The potential mechanisms underlying regulation of neuropathic pain by PKIA-AS1 were then investigated. To identify possible targets of PKIA-AS1, we screened numerous differentially expressed proteins in spinal cord tissues after PKIA-AS1 overexpression (Figure 5A). The detail information on the top 10 most upregulated and downregulated proteins is listed in Table 2. One of the most upregulated proteins is CDK6, which has been strongly implicated in inflammation (Handschick et al., 2014). We then confirmed the expression of CDK6 in spinal cord tissues from rats infected with PKIA-AS1. Indeed, Lv-PKIA-AS1 infection induced CDK6 overexpression at both mRNA and protein levels (Figure 5B,C). We further demonstrated that Lv-PKIA-AS1 infection upregulated CDK6 gene promotor activity (Figure 5D). We next tested whether PKIA-AS1 interacts with CDK6 promoter by conducting RNA pulldown assays in PC12 cells infected with Lv-PKIA-AS1 or control lentivirus. Both PKIA-AS1 and CDK6 promoter were more abundant in the Ago2 pellet than in the IgG pellet (Figure 5E), demonstrating that the CDK6 promoter interacts PKIA-AS1. We further tested how PKIA-AS1 regulates CDK6 promoter activity. The methylation status of CDK6 promoter was evaluated by quantitative methylation-specific PCR (qMSP) of the PC12 cells following Lv-PKIA-AS1 infection. Overexpression of PKIA-AS1 downregulated methylation of CDK6 promoter, suggesting that enhanced CDK6 expression in the SNL spinal cord is mediated by promoter hypomethylation induced by PKIA-AS1 (Figure 5F). In addition, PKIA-AS1 overexpression significantly inhibited DNMT1 expression, but not DNMT3A and DNMT3B expression (Figure 5G), suggesting that PKIA-AS1 regulates CDK6 expression by decreasing DNMT1-catalyzed methylation of CDK6 promoter.

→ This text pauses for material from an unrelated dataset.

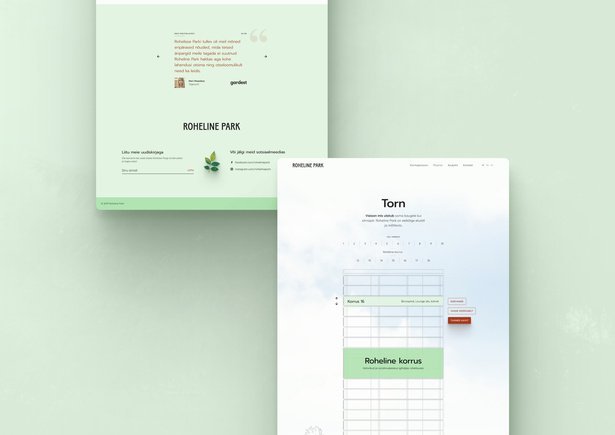 roheline-park-koduleht-3.jpg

We further investigated whether PKIA-AS1 controls neuropathic pain via CDK6. Expression of CDK6 was significantly increased in SNL model rats compared with control rats, whereas CDK6 expression was inhibited by PKIA-AS1 knockdown. In addition, PKIA-AS1 knockdown-mediated inhibition of CDK6 was reversed by Lv-CDK6 infection (Figure 6A,B). We found that Lv-CDK6 infection reversed the attenuation of mechanical allodynia and thermal hyperalgesia by Lv-shPKIA-AS1 infection following SNL (Figure 6C,D). Moreover, Lv-CDK6 reversed the suppression of IL-1β, IL-6, IL-12, and TNF-α mRNA and protein expression by Lv-shPKIA-AS1 (Figure 7A,B). Collectively, these results indicate that an epigenetic regulatory pathway involving PKIA-AS1 and CDK6 mediates SNL-induced neuropathic pain.